Ratlos vor den Bildschirmen

All diese und weitere, in fernsehbildgerechter Üppigkeit auf imaginäres Ancien Régime getrimmten Phantasmen ließen sich hinnehmen, zumal sie mit den Mozarts nichts, aber auch gar nichts zu tun haben, hätte dieses Produkt vorstellungskräftigen Unvermögens nicht eine zentrale Leerstelle. Im fatalen Vakuum des Films steht ausgerechnet die Musik. Mozarts Kompositionen kommen lediglich in minimalen Ausschnitten oder kaum identifizierbaren Schnipseln vor, als seien von ihnen nur mehr unzusammenhängende Fragmente aus grauer Vorzeit erhalten. Stattdessen bieten Jessica de Rooij und Felix Raffel bunt gemixte Versatzstücke eines Allerwelts-Electro-Pops, dessen Ton- und Klangratatouille mit bestürzender Beliebigkeit daherkommt. Man spürt die Absicht, nämlich die suggestiv wirkende Kraft von Mozarts Musik mit zeitgenössischen Mitteln erzeugen zu wollen, und ist verstimmt, weil eben diese dafür viel zu schwach sind.

Das Publikum sitzt nach viereinhalb Stunden Sendezeit ratlos vor den Bildschirmen.

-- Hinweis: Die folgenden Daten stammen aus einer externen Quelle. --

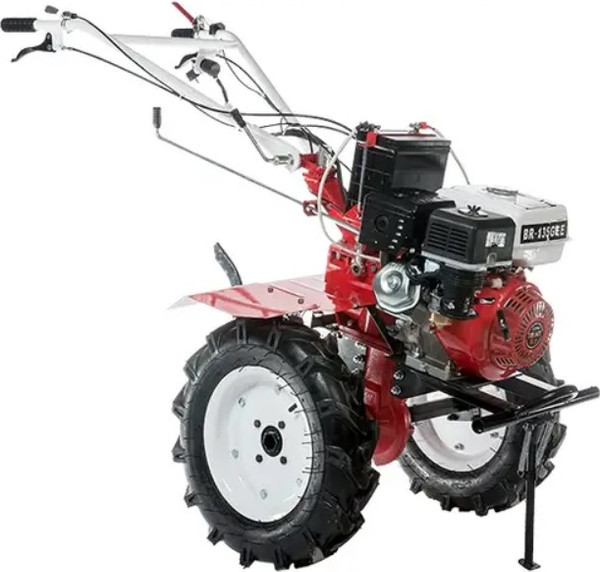 Изображение товара Мотоблок бензиновый Brait BR-135GEEPRO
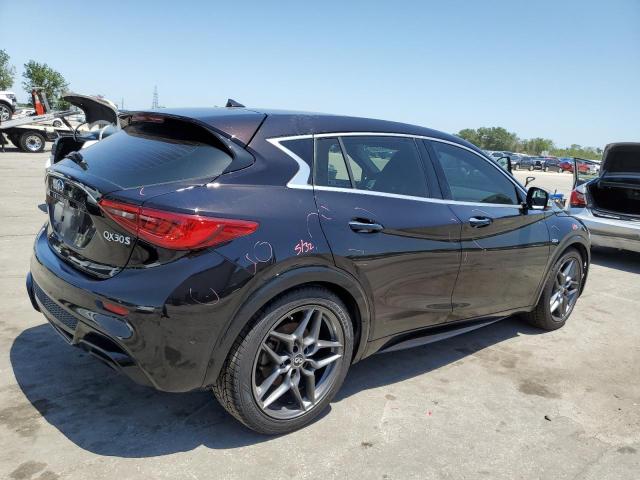 SJKCH5CP6HA026388 - 2017 INFINITI QX30 BASE BLACK photo 3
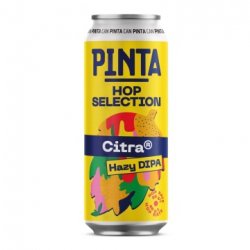 Pinta - Hop Selection: Citra - Berero Store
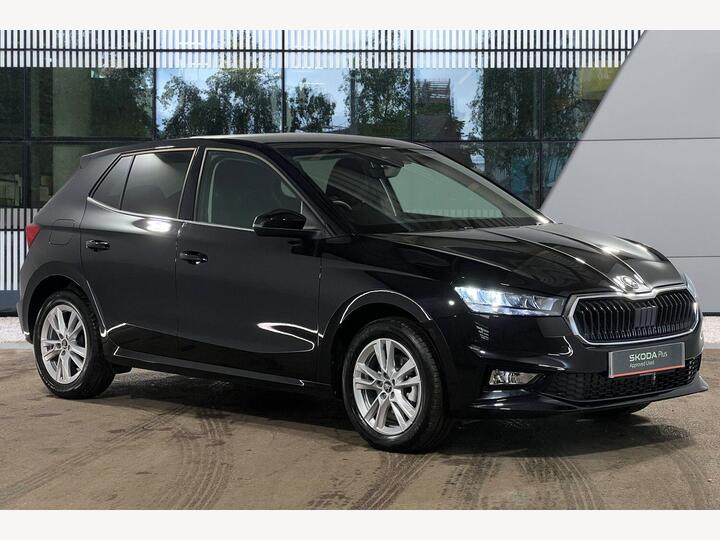 Skoda Fabia 1.0 TSI SE L Edition DSG Euro 6 (s/s) 5dr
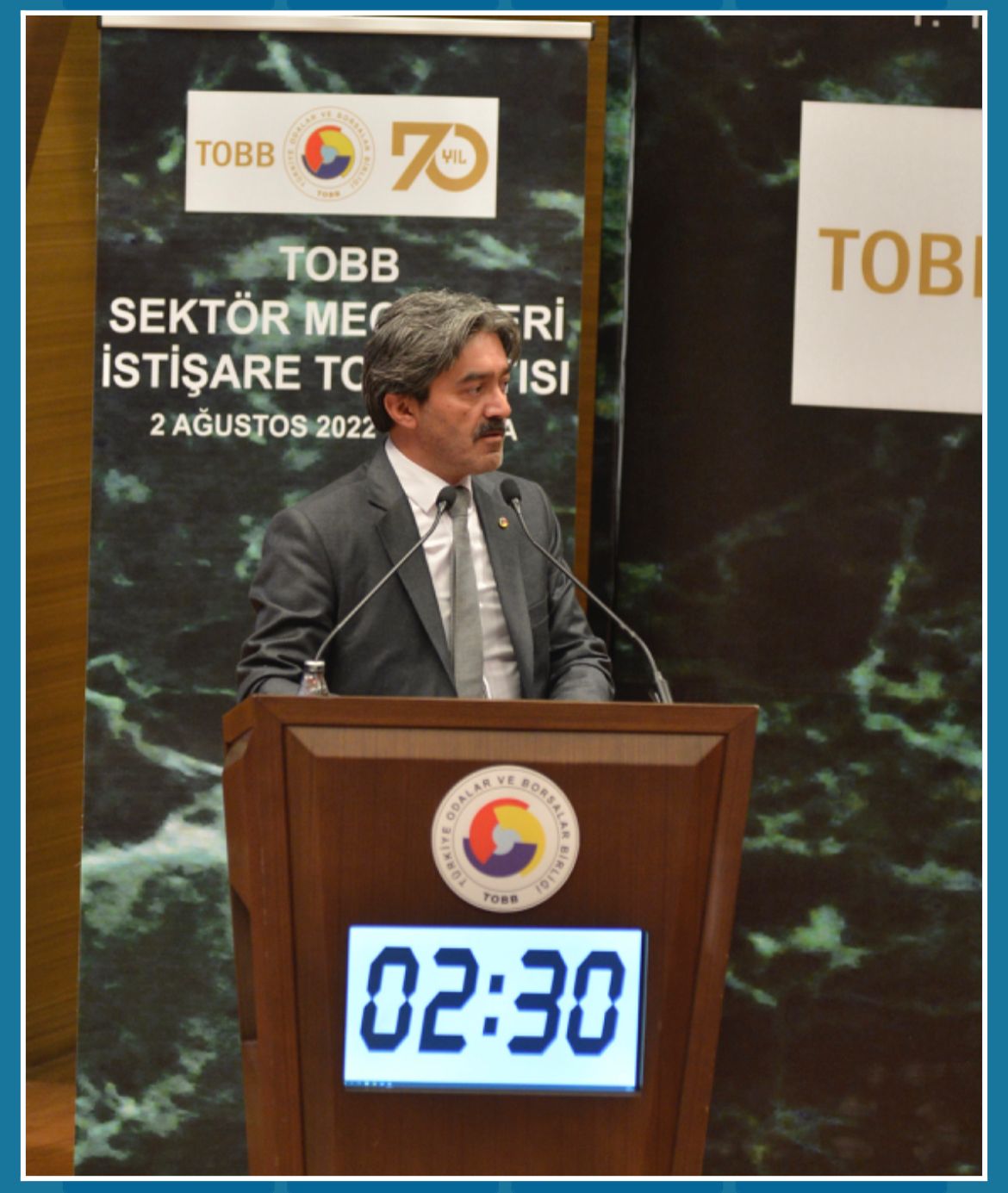 Sektör Meclisleri İstişare Toplantısı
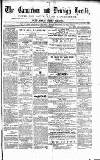 Caernarvon & Denbigh Herald Saturday 26 March 1859 Page 1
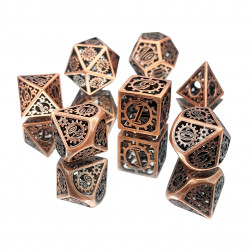 RPG Würfel Sturm Modi Set 7...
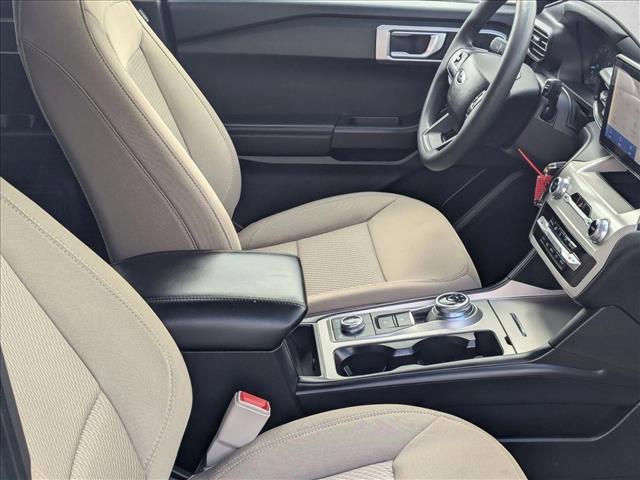 used 2023 Ford Explorer car, priced at $30,998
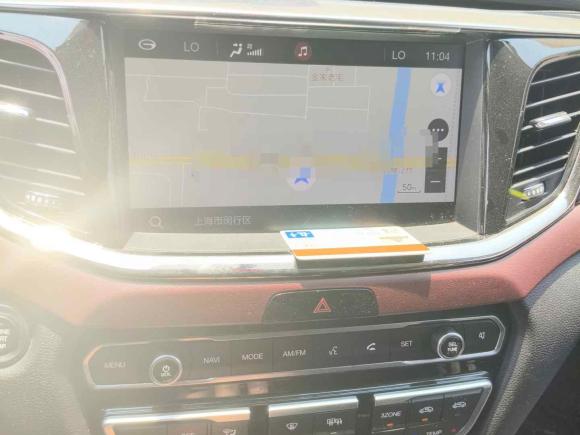 [上海·沪B] 二手广汽传祺传祺GS82017款 320T 两驱豪华智联版（七座）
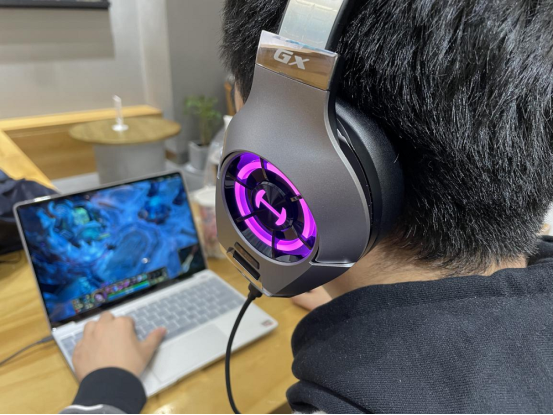 漫步者GX先鋒級電競游戲耳機評測:音畫同步+聽聲辨位 一路超神不是夢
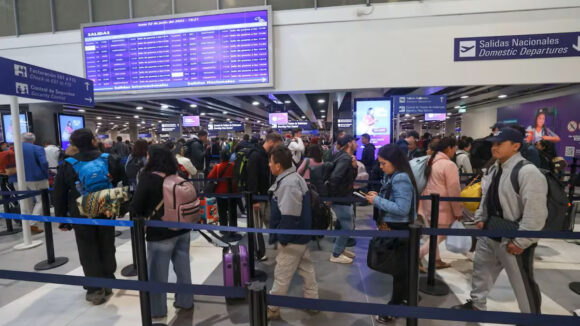 Lima Airport Partners lanza plataforma para pagar la nueva TUUA de transferencia.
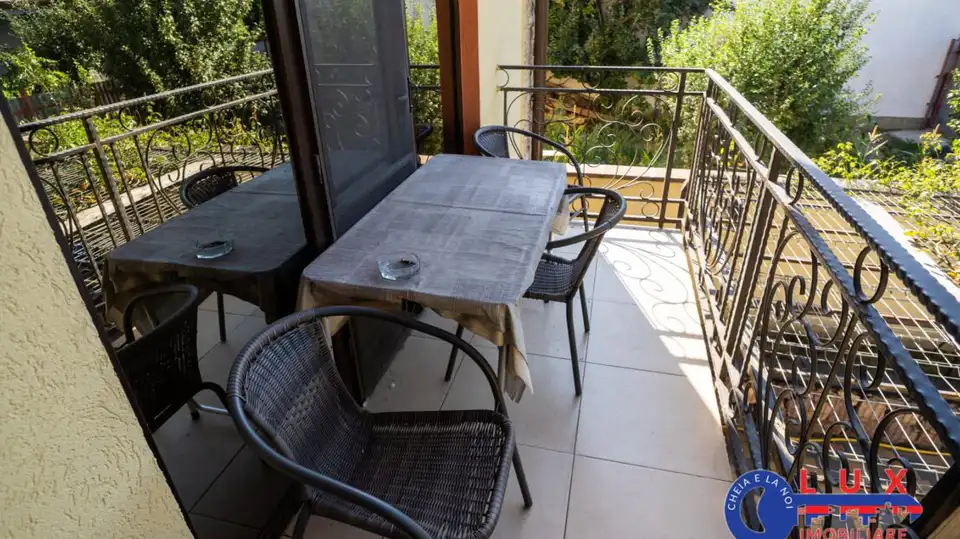 Fotografie 58: Vila modernă D+P+E+pod în Zona Alexandru cel Bun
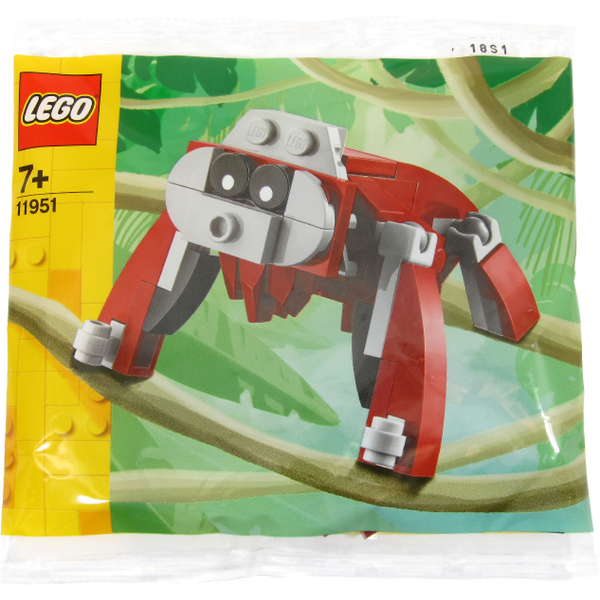 11951 Orangutan Polybag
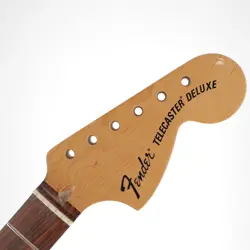 FRETBOARD MISSING TRUSS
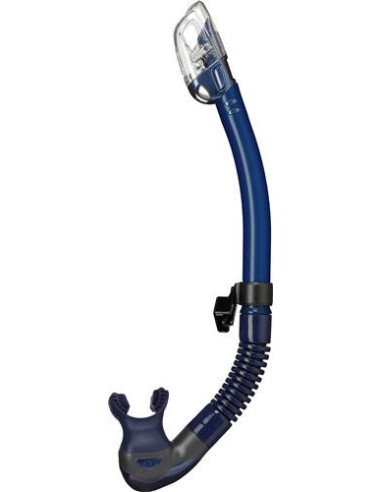 TUSA SP0101 Hyperdry Elite II Snorkel - Dry Top Snorkel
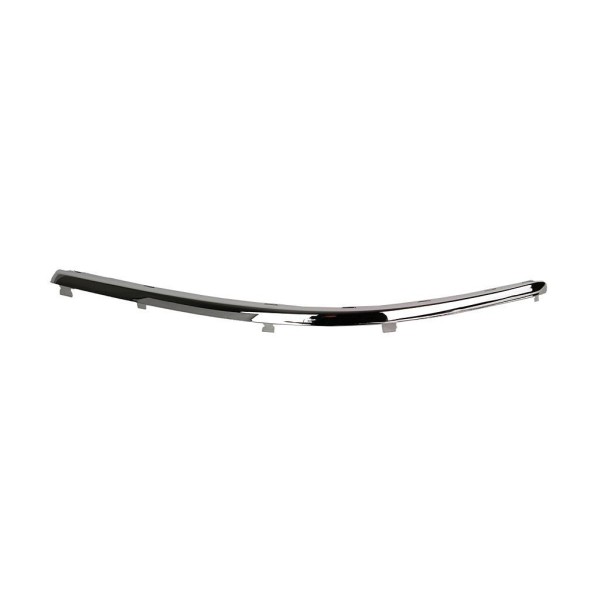 İthal Ön Tampon - Tampon Nikelaji Sol Volkswagen Passat 2001 - Kod PST01-1513 - OEM 3B08072432ZZ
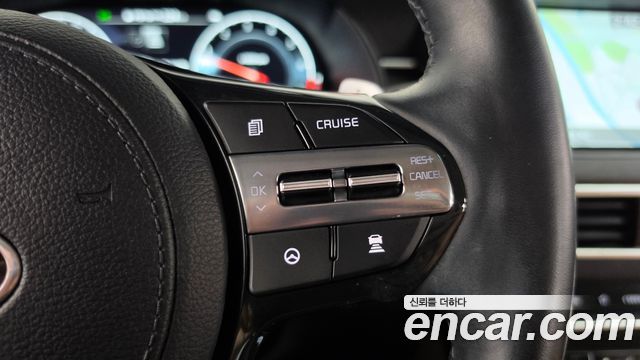Kia K7 Premier 2.5 GDI X Edition 2020 — фото 16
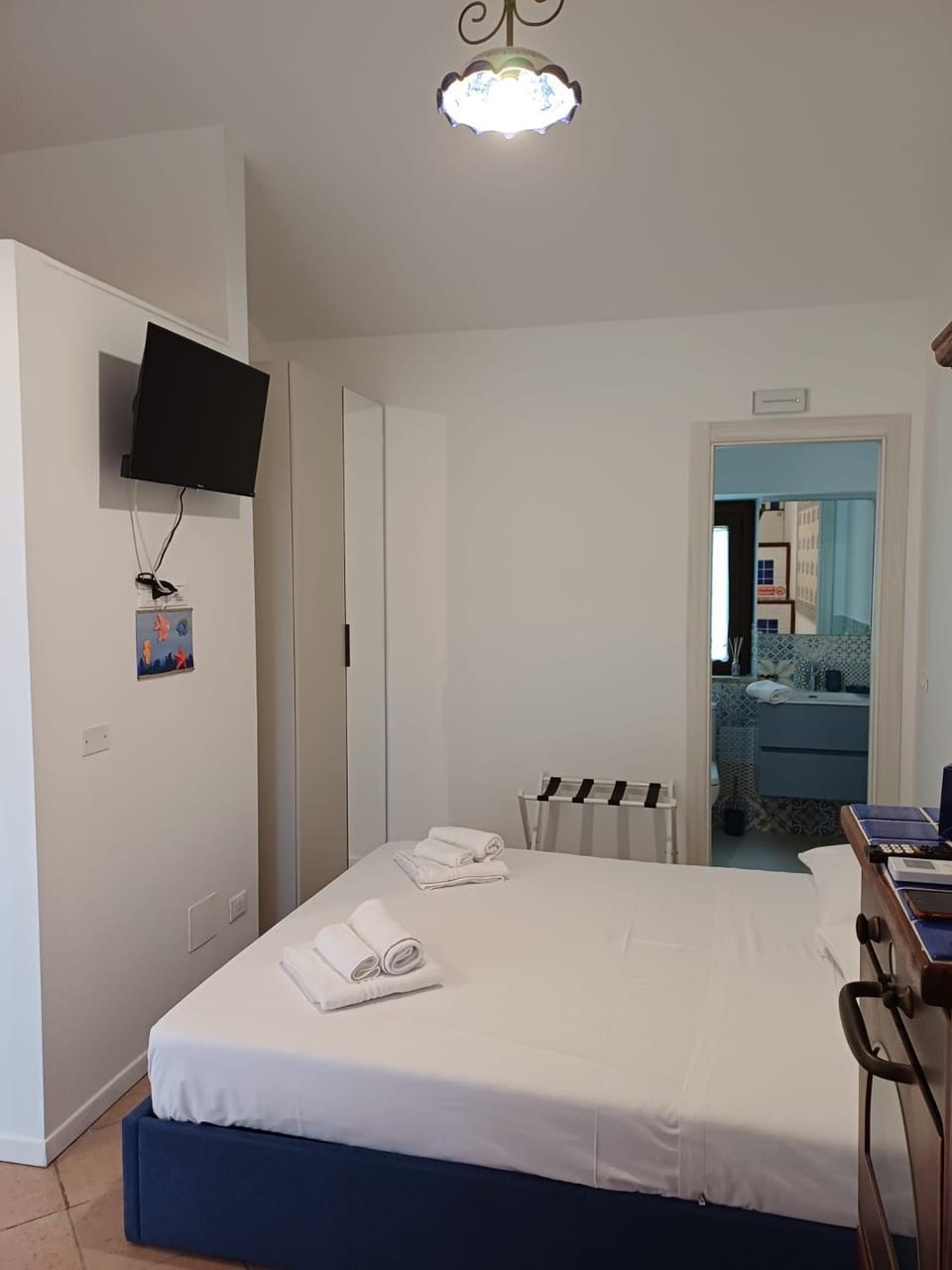B&B Elios Bed and Breakfast in Scilla
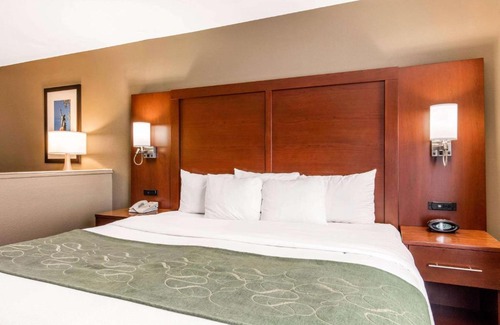 Tuscaloosa Hotel | Comfort Suites Tuscaloosa near University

Wer segnet solche Aufträge an Produktionsunternehmen ab, wer entscheidet über den Grenzverlauf zwischen legitimer Unterhaltung und angemessener Erfüllung des Bildungsauftrags? Warum bleiben Fachleute aus Kultur, Musik und Wissenschaft bei derartigen Vorhaben unbeteiligt? Da gute und schlechte Filme meist gleich viel kosten: Warum macht man nicht lieber gute? „Mozart/Mozart“ wirft Fragen auf, deren Brisanz ernst zunehmen wäre. Oder fehlt dafür die Vorstellungskraft?

Der Autor ist Professor emeritus an der Universität Würzburg und wurde für seine Untersuchungen zu Mozarts Schaffensweise mit der Mozartmedaille der Internationalen Stiftung Mozarteum Salzburg ausgezeichnet.